_TASK_
Of all the lines below, return only those starting with the line holding "Fantasy Wave Leggings (Rückseite)" and going on through the line holding "Cupra Leon Sportstourer", exactly as written.

_PROVIDED RECORDS_
* * * * * * *

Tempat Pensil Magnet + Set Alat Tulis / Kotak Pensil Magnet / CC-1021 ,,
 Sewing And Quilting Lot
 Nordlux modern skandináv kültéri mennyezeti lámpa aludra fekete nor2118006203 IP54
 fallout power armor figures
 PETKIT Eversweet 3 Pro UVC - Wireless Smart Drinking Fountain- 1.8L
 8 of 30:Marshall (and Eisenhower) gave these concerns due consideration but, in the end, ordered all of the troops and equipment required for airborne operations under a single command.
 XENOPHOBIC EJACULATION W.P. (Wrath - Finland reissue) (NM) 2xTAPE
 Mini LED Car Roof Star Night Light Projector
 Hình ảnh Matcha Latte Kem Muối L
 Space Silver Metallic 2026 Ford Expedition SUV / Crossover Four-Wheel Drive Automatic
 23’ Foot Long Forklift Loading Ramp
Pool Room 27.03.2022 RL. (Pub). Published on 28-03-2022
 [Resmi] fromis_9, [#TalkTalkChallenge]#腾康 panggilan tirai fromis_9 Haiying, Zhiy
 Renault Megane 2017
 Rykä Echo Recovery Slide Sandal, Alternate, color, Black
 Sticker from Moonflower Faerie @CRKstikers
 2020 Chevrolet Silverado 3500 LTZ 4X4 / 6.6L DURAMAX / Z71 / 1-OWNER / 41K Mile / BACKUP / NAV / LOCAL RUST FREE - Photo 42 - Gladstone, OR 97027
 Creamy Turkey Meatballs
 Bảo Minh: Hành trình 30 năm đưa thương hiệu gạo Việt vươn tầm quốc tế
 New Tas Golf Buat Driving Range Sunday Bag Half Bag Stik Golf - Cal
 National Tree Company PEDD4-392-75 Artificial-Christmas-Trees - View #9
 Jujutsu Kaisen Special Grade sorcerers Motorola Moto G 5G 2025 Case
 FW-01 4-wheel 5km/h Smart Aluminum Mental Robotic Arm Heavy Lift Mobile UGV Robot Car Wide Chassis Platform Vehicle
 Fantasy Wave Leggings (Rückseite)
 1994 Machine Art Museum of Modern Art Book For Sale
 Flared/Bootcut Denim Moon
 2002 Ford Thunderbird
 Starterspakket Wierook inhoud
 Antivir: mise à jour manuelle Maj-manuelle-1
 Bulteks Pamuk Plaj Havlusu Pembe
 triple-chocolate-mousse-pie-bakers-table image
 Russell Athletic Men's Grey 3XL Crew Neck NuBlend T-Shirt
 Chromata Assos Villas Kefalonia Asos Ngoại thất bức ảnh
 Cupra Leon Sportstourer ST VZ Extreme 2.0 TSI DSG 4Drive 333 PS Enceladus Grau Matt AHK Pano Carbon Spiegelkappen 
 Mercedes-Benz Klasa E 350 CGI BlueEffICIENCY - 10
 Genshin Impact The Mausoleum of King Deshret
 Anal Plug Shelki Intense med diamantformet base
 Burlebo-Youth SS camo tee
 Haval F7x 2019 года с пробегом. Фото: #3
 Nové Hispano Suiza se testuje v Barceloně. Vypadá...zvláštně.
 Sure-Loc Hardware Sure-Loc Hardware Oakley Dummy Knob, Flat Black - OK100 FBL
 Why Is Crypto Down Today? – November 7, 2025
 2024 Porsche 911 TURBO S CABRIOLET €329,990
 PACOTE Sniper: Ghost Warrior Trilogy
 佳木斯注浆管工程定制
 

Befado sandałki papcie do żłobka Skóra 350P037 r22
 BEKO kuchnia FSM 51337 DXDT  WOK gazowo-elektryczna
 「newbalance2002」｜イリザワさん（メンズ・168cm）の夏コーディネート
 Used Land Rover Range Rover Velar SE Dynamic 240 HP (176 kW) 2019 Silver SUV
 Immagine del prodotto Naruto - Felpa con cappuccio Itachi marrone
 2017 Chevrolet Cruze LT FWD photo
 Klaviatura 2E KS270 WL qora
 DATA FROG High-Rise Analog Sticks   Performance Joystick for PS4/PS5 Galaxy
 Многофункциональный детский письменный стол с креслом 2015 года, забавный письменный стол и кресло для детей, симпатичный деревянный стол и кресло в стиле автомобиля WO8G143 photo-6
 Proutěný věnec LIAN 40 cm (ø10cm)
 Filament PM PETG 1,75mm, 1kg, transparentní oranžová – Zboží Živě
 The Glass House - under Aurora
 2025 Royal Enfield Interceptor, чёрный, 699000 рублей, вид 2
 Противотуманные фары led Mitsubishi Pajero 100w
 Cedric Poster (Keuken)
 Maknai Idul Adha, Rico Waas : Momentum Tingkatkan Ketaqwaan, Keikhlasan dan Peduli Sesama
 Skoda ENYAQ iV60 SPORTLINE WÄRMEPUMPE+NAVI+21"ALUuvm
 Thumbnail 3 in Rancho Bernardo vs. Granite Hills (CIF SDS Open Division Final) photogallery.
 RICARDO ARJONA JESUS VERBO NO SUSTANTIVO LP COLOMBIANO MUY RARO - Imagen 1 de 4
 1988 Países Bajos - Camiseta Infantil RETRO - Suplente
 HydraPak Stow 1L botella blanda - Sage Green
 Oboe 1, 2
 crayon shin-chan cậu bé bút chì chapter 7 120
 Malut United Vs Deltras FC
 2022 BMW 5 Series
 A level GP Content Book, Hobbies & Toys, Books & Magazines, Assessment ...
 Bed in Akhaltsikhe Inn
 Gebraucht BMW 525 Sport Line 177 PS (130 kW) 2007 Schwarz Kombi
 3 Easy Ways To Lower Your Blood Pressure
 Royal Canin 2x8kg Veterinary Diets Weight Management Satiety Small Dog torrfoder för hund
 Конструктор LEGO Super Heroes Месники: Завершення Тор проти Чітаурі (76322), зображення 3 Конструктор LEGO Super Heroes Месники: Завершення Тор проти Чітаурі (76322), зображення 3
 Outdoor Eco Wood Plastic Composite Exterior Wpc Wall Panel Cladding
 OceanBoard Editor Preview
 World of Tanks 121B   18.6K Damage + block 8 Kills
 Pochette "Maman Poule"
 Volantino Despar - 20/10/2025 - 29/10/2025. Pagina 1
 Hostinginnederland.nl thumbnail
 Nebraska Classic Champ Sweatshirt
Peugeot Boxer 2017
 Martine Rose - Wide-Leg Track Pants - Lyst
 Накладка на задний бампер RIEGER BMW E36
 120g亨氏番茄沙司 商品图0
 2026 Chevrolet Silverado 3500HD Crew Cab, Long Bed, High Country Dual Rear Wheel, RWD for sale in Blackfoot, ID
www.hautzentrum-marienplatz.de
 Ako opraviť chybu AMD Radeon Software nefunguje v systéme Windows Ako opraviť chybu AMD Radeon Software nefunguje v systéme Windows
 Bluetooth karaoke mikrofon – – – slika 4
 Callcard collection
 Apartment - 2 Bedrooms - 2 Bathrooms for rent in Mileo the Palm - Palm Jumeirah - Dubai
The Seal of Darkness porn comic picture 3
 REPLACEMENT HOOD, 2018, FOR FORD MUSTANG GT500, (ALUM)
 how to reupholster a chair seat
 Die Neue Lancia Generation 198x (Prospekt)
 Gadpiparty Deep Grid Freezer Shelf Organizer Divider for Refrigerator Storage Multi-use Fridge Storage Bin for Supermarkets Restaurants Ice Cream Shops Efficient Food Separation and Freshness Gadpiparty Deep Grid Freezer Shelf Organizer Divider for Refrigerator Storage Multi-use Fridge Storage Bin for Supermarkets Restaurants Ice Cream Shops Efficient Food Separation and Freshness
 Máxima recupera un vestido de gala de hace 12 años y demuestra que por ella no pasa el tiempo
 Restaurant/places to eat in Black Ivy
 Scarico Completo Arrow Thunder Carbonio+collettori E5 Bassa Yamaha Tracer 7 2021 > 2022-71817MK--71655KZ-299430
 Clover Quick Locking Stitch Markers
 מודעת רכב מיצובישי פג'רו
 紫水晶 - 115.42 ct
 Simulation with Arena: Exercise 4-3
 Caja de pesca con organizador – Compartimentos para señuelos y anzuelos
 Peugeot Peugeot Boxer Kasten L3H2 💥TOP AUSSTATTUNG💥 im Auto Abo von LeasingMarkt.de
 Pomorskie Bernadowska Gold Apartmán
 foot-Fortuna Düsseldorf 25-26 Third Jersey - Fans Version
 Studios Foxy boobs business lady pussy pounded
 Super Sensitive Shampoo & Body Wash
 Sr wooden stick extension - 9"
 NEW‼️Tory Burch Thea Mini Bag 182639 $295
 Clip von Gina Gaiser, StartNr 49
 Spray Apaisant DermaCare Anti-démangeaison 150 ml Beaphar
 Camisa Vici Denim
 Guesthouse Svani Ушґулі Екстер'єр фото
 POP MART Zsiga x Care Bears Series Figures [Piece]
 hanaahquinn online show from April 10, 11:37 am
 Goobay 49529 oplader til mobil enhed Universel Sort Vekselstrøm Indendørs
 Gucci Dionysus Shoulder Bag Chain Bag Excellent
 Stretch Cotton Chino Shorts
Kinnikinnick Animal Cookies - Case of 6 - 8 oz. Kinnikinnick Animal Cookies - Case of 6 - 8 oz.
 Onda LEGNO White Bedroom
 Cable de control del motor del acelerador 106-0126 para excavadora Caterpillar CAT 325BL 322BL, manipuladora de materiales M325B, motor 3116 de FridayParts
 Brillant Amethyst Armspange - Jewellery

* * * * * * *

_ANSWER BOX_
 Fantasy Wave Leggings (Rückseite)
 1994 Machine Art Museum of Modern Art Book For Sale
 Flared/Bootcut Denim Moon
 2002 Ford Thunderbird
 Starterspakket Wierook inhoud
 Antivir: mise à jour manuelle Maj-manuelle-1
 Bulteks Pamuk Plaj Havlusu Pembe
 triple-chocolate-mousse-pie-bakers-table image
 Russell Athletic Men's Grey 3XL Crew Neck NuBlend T-Shirt
 Chromata Assos Villas Kefalonia Asos Ngoại thất bức ảnh
 Cupra Leon Sportstourer ST VZ Extreme 2.0 TSI DSG 4Drive 333 PS Enceladus Grau Matt AHK Pano Carbon Spiegelkappen 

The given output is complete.